INFORMATION SHOWN
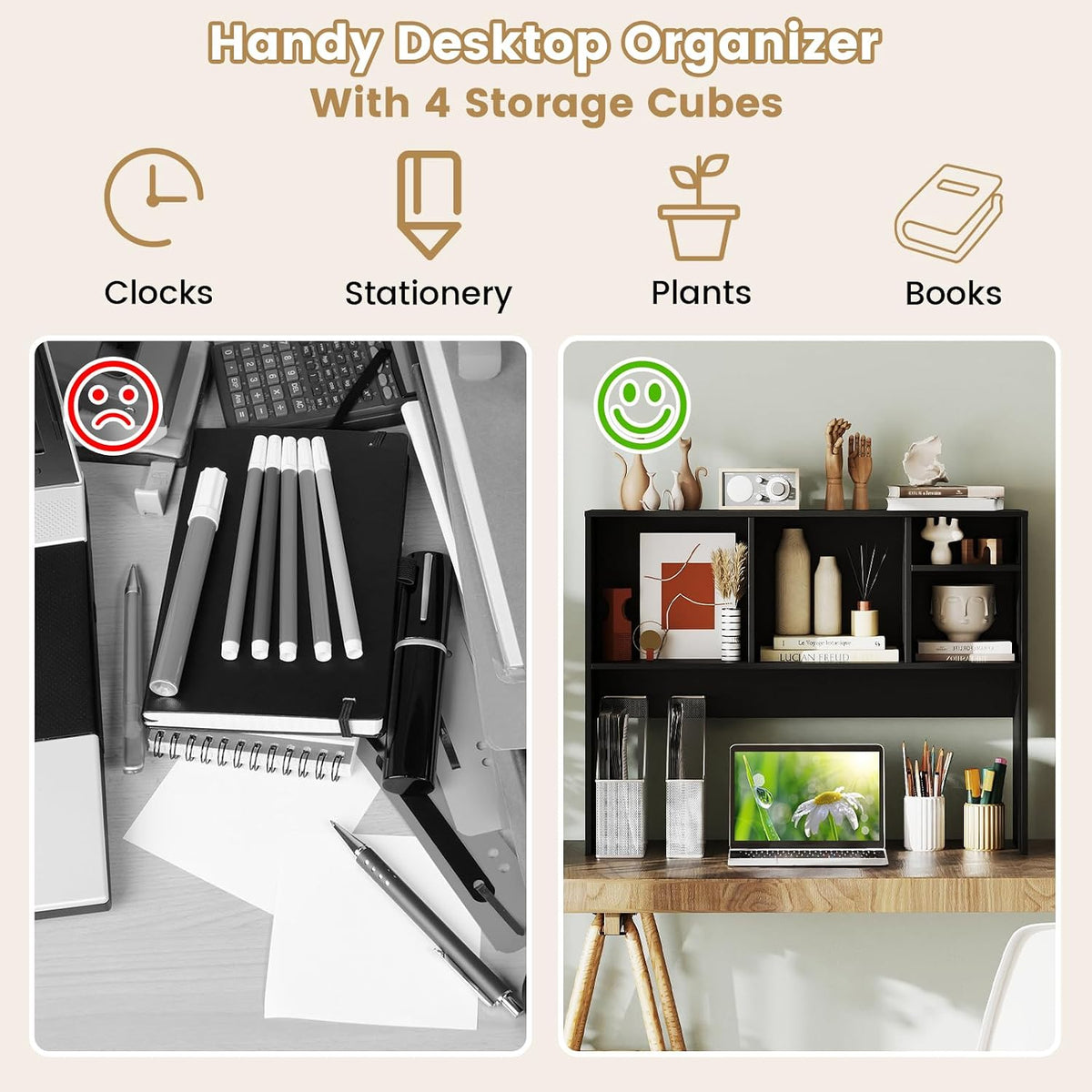 GIANTEX Desktop Bookshelf, Countertop Storage Hutch with 4 Shelves for Comput...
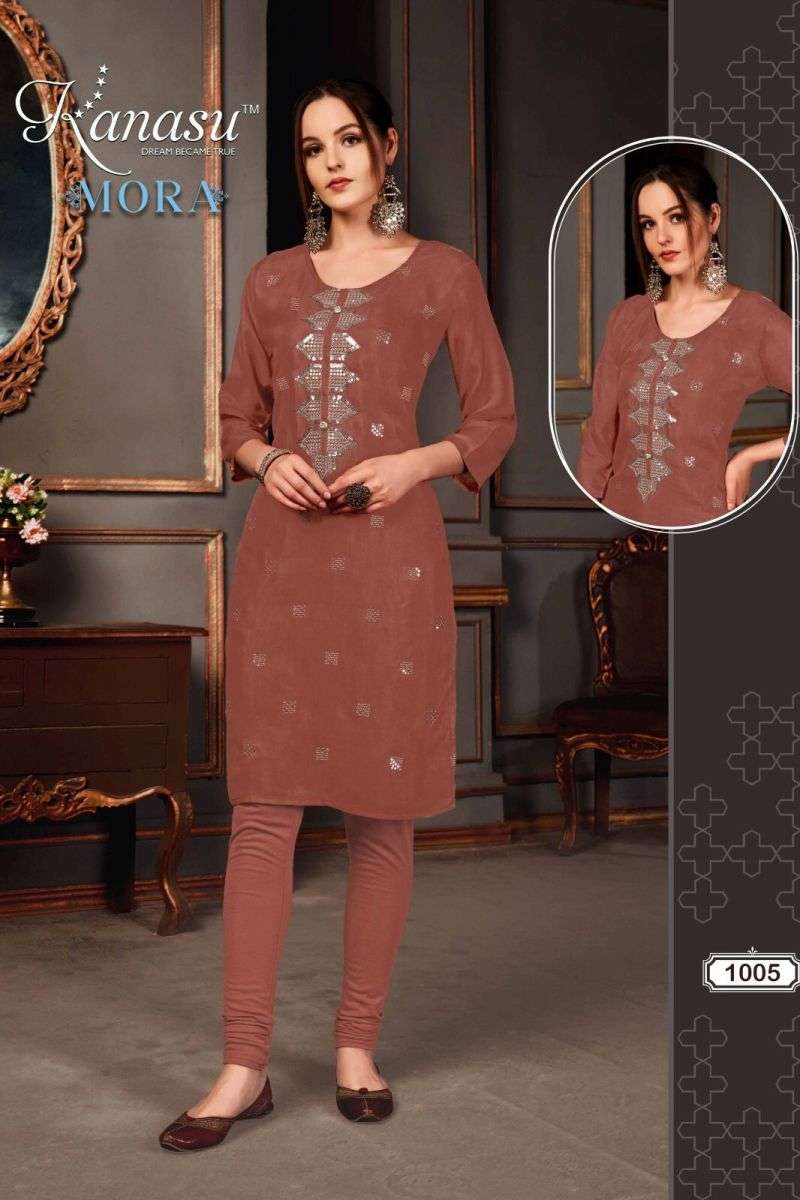 MORA SERIES 1001 TO 1008 KURTI BY KANASU DESIGNER WITH WORK MUSLIN KURTIS ARE AVAILABLE AT WHOLESALE PRICE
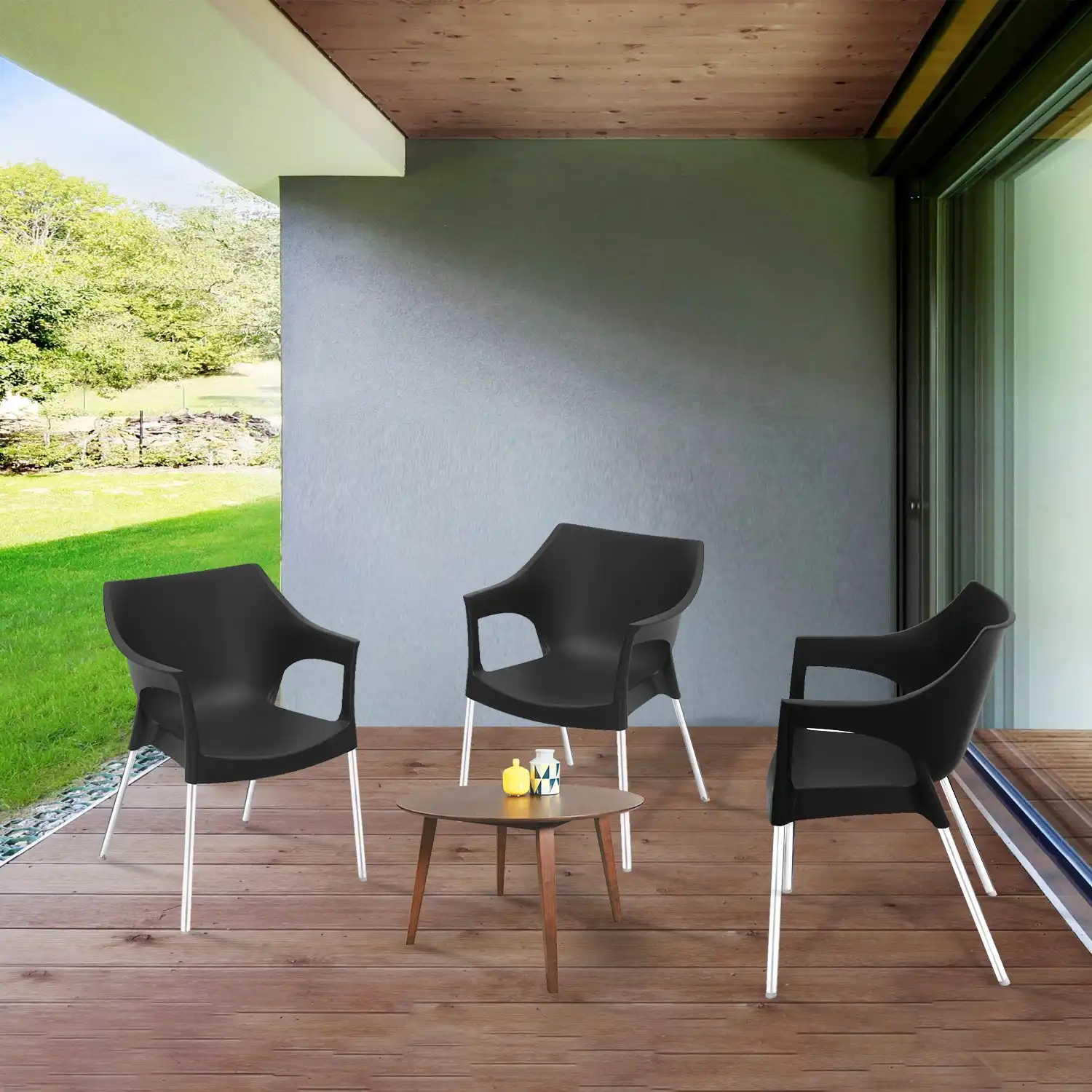 Nilkamal Novella 10 Plastic Arm Chair (Black) - Image 3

PROBLEM DETAILS
Make an exact copy of the lines from the one holding "MORA SERIES 1001" through the end of the material, both ends included, and keep the pictures out of it.

TASK OUTPUT
 MORA SERIES 1001 TO 1008 KURTI BY KANASU DESIGNER WITH WORK MUSLIN KURTIS ARE AVAILABLE AT WHOLESALE PRICE
 Nilkamal Novella 10 Plastic Arm Chair (Black) - Image 3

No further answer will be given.